The Court affirmed Salinas's conviction after prosecutors used his silence during a voluntary pre-arrest interview. The controlling judgment was 5-4, but the reasoning was split between a three-justice plurality and a two-justice concurrence.
Police questioned Salinas voluntarily during a murder investigation. He answered many questions but stayed silent when asked about ballistic evidence. Years later, prosecutors used that silence as evidence of guilt.
Does the Fifth Amendment protect a suspect's silence during a voluntary, noncustodial police interview when the suspect does not expressly invoke the privilege?
The Fifth Amendment did not bar the prosecution from using Salinas's silence during a voluntary, noncustodial police interview because he did not expressly invoke the privilege against self-incrimination. A three-justice plurality required express invocation, while two concurring justices would have held the prosecutor's use of silence was not compelled testimony even if the privilege had been invoked.

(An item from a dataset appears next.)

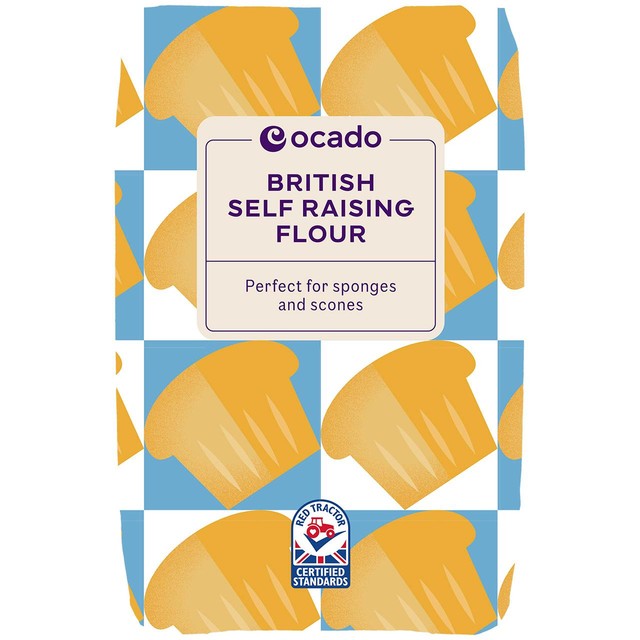 Ocado Self Raising Flour 1.5kg, imported from the UK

How the justices lined up in this decision.
Salinas narrowed protection for silence in voluntary, noncustodial questioning. People who are not in custody may need to expressly invoke the Fifth Amendment to keep silence from being used against them, unless another exception applies. The case did not change the rule that a criminal defendant need not testify at trial to invoke the privilege.
Justice Alito announced a three-justice plurality joined by Chief Justice Roberts and Justice Kennedy. Justice Thomas concurred in the judgment, joined by Justice Scalia. Justice Breyer dissented, joined by Justices Ginsburg, Sotomayor, and Kagan.